Information shown »
- - -
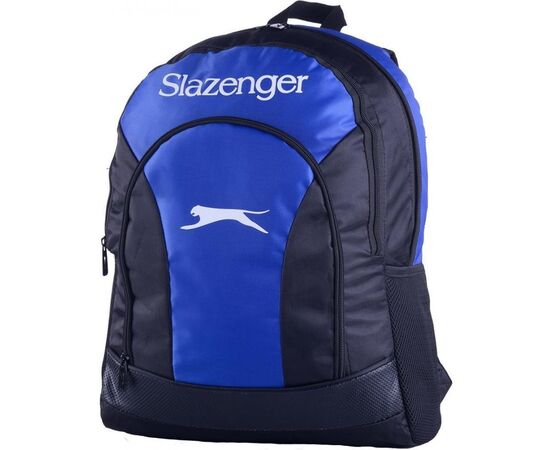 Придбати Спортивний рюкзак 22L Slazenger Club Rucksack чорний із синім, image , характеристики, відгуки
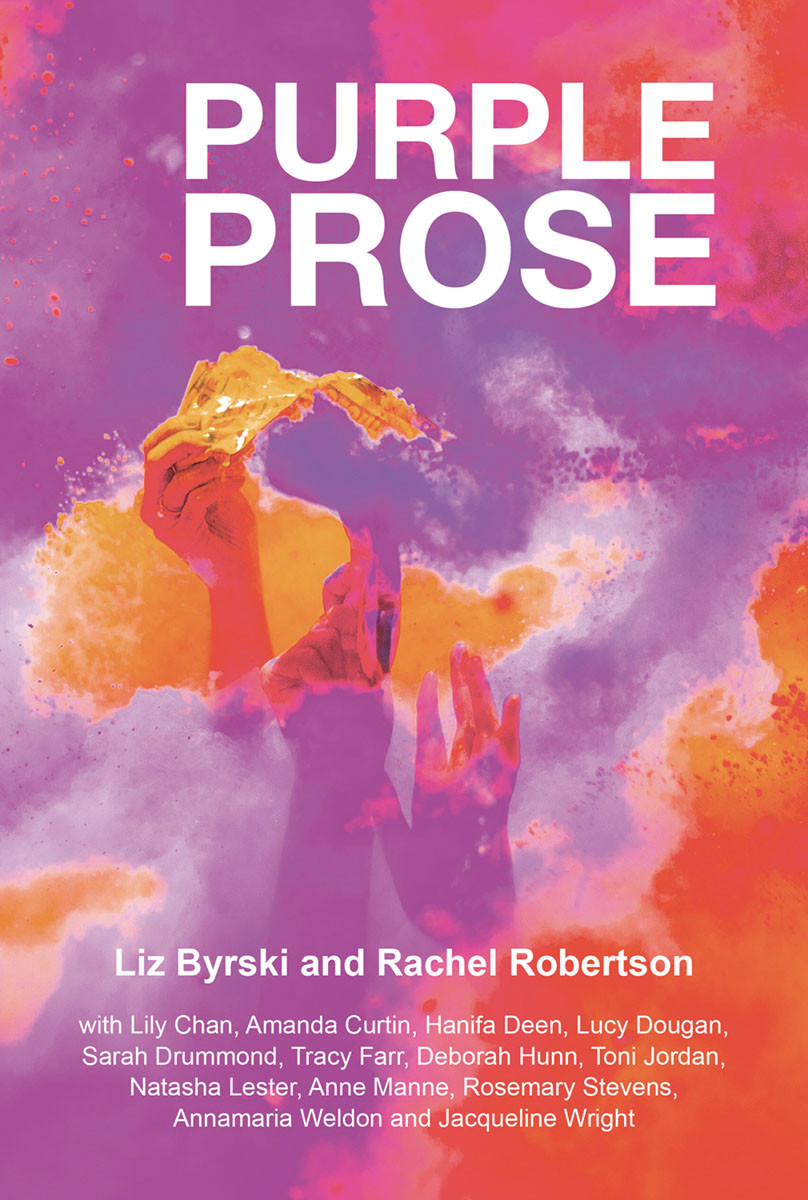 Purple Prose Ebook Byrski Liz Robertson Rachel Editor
- - -
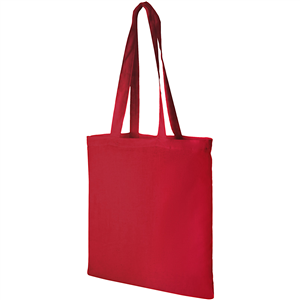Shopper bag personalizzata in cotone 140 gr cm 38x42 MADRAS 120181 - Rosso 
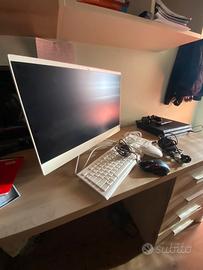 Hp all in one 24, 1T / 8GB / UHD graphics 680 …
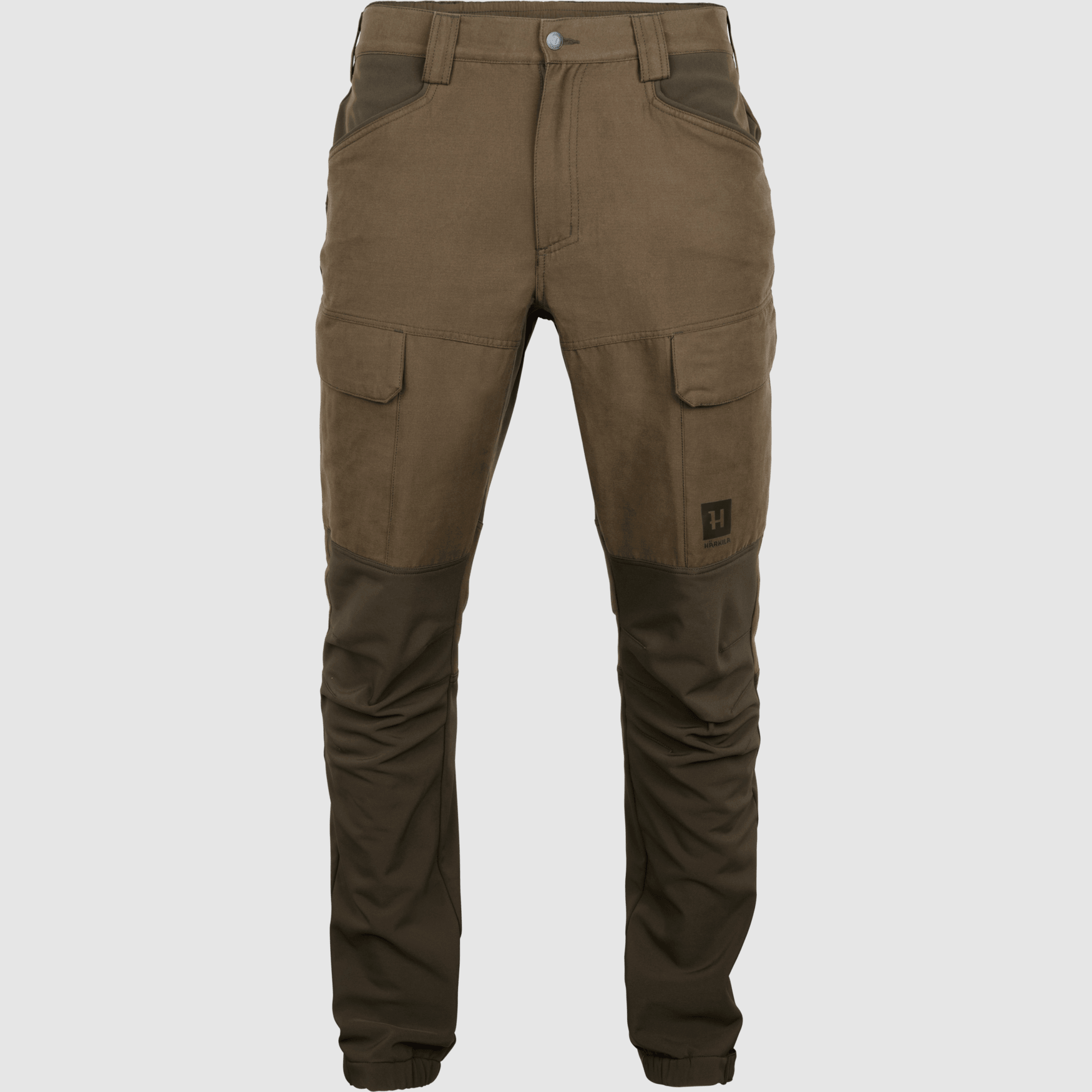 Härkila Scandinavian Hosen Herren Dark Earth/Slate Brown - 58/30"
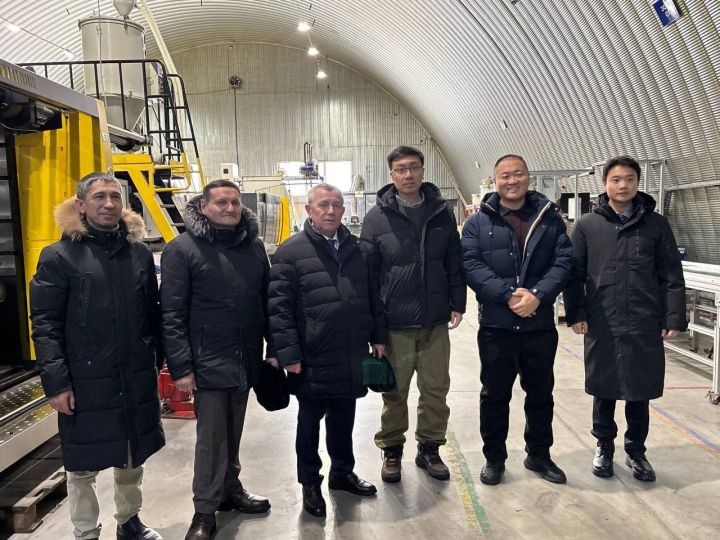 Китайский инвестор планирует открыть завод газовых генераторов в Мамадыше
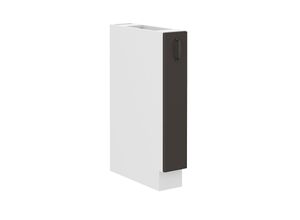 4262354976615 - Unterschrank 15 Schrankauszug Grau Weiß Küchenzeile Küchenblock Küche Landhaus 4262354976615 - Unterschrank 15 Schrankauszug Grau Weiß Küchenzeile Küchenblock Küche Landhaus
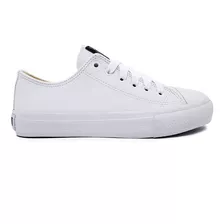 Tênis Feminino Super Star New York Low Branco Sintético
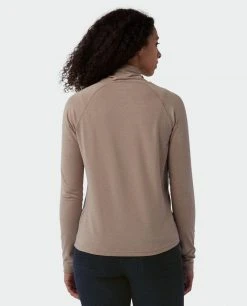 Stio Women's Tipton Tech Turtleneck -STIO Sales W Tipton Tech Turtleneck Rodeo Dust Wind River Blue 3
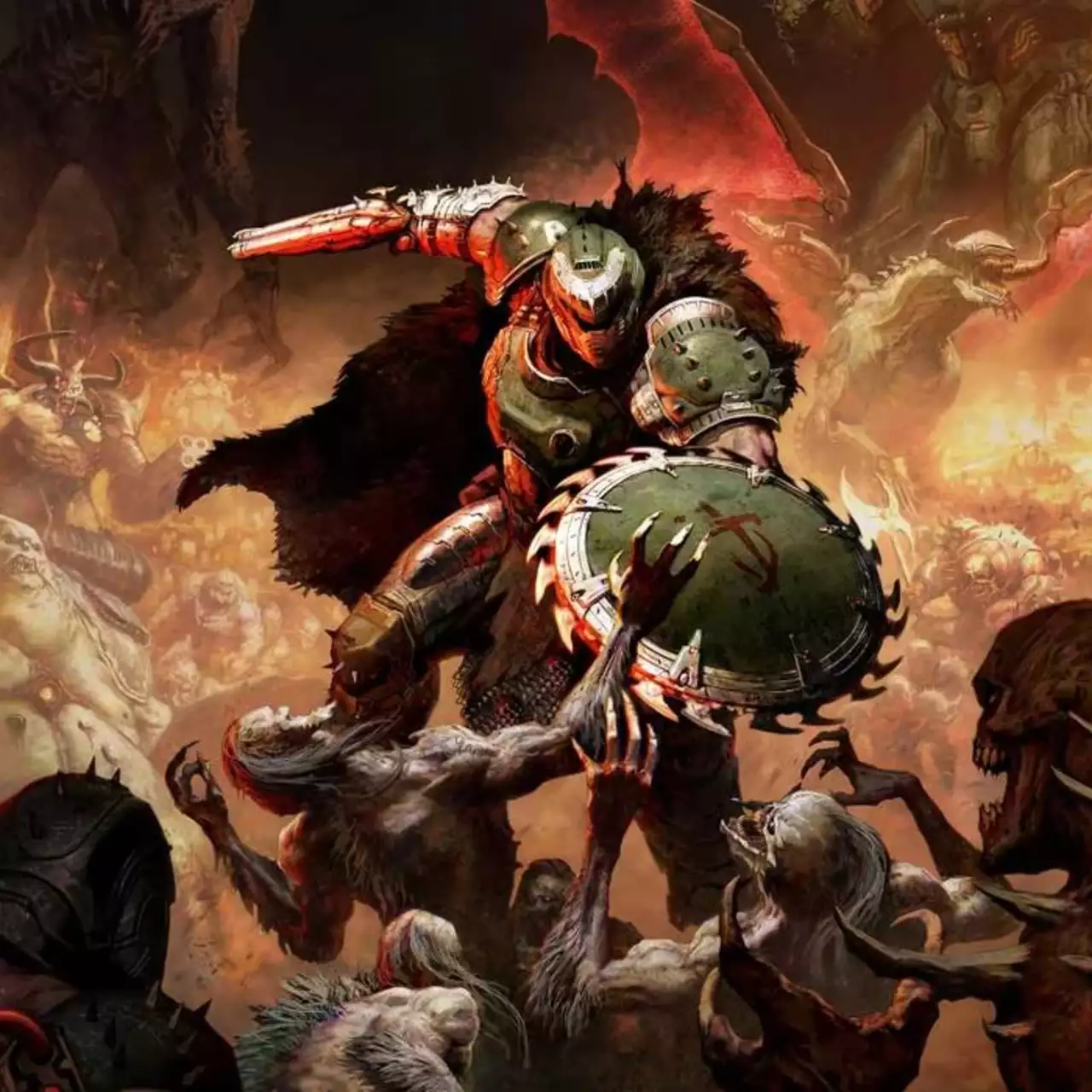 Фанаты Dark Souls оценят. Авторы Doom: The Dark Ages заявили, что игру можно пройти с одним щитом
- - -
What this task involves » Here the job is to copy the stretch of records from the line containing "Tênis Feminino Super" through the line containing "Фанаты Dark Souls", word for word. Leave every picture out.

Response »
 Tênis Feminino Super Star New York Low Branco Sintético
 Stio Women's Tipton Tech Turtleneck -STIO Sales W Tipton Tech Turtleneck Rodeo Dust Wind River Blue 3
 Фанаты Dark Souls оценят. Авторы Doom: The Dark Ages заявили, что игру можно пройти с одним щитом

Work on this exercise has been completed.